US 11,809,460 B1
Systems, methods, and graphical user interfaces for taxonomy-based classification of unlabeled structured datasets
Nancy Anne Rausch, Apex, NC (US); Ruth Oluwadamilola Akintunde, Raleigh, NC (US); and Brant Nathan Kay, Pittsboro, NC (US)
Assigned to SAS Institute, Inc., Cary, NC (US)
Filed by SAS INSTITUTE INC., Cary, NC (US)
Filed on Jul. 13, 2023, as Appl. No. 18/221,695.
Claims priority of provisional application 63/398,827, filed on Aug. 17, 2022.
Claims priority of provisional application 63/391,772, filed on Jul. 24, 2022.
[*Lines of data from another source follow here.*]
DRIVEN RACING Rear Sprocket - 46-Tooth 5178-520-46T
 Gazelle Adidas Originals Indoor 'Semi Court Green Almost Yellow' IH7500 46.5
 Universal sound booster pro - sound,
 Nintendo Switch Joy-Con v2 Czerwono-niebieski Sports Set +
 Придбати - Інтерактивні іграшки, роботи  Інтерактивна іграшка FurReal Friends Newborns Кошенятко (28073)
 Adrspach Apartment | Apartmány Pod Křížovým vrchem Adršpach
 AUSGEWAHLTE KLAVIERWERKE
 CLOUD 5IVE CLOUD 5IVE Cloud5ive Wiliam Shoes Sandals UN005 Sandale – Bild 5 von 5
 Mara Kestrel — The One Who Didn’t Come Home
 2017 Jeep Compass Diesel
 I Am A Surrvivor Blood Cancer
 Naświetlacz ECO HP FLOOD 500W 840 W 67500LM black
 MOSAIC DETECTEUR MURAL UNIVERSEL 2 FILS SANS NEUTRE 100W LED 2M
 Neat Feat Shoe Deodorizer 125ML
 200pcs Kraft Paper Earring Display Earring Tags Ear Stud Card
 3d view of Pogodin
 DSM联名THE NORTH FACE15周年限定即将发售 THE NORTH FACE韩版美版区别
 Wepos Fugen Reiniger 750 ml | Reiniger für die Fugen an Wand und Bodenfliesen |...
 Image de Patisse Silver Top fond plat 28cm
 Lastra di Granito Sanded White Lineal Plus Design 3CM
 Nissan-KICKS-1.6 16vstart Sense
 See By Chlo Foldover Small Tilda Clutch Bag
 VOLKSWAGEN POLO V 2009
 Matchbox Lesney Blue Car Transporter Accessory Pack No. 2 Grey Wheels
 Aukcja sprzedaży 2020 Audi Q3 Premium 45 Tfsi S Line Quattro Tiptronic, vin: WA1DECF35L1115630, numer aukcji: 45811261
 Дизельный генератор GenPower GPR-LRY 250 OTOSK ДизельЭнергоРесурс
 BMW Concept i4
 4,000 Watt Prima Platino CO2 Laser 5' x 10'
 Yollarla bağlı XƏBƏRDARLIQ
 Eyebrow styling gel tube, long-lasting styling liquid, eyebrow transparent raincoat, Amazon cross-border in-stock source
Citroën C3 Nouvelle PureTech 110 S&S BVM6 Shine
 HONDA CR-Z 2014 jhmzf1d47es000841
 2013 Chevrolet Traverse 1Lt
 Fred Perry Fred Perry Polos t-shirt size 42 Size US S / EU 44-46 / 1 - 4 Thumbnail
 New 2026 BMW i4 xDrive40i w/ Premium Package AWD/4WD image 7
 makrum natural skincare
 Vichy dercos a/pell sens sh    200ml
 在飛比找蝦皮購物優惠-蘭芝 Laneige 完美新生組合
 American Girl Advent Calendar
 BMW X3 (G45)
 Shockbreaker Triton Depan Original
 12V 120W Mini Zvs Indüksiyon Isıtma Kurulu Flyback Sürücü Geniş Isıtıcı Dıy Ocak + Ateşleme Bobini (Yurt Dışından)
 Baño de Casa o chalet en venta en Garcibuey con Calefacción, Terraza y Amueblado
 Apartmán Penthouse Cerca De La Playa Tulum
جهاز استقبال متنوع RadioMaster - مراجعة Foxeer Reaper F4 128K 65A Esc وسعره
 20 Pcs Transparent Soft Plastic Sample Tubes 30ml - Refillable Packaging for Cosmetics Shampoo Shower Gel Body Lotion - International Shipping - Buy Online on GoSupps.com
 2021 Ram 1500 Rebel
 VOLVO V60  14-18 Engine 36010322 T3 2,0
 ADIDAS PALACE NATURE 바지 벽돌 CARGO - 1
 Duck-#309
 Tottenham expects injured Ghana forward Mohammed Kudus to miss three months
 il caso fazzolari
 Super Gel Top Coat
Int. Cl. G06F 16/28 (2019.01)
CPC G06F 16/287 (2019.01) 27 Claims
OG exemplary drawing
 
1. A computer-program product embodied in a non-transitory machine-readable storage medium storing computer instructions that, when executed by one or more processors, perform operations comprising:
obtaining, via a graphical user interface (GUI) of a computer system, a GUI request for one or more taxonomy-labeled structured datasets;
extracting, from the GUI request, one or more taxonomy tokens;
defining a taxonomy token-informed search operation based on the one or more taxonomy tokens;
executing, by one or more processors based on a token vectorization model, the taxonomy token-informed search operation for searching a database comprising a plurality of distinct corpora of labeled structured datasets, wherein each distinct corpus of the plurality of distinct corpora of labeled structured datasets includes a grouping of taxonomy-labeled structured datasets having an attribution of distinct hierarchical taxonomy metadata, and wherein the executing the taxonomy token-informed search operation includes:
evaluating the one or more taxonomy tokens of the GUI request against a distinct dataset of taxonomy tokens attributed to said each distinct corpus of the plurality of distinct corpora of labeled structured datasets, and
identifying taxonomy token matches including one or more exact matches or one or more semantic matches between the evaluated one or more taxonomy tokens of the GUI request and the distinct dataset of taxonomy tokens attributed to said each distinct corpus of the plurality of distinct corpora of labeled structured datasets;
identifying a target corpus of taxonomy-labeled structured datasets of the plurality of distinct corpora of labeled structured datasets based on the execution of the taxonomy token-informed search operation and selecting a target corpus of taxonomy-labeled structured datasets having a subject distinct set of taxonomy tokens contributing to the taxonomy token matches;
computing contemporaneously with the execution of taxonomy-token informed search operation, by the one or more processors, a summary artifact that is derived based on the distinct hierarchical taxonomy metadata attributed to the identified target corpus of taxonomy-labeled structured datasets, wherein the summary artifact includes slots of a precis template and a computer-generated precis derived based on content included in the identified target corpus of the taxonomy-labeled structured datasets; and
returning, via a display of the GUI, a response to the GUI request that includes a plurality of taxonomy-labeled structured datasets from the target corpus of taxonomy-labeled structured datasets and the summary artifact based on the identification of the identified target corpus of taxonomy-labeled structured datasets and the computing of the summary artifact.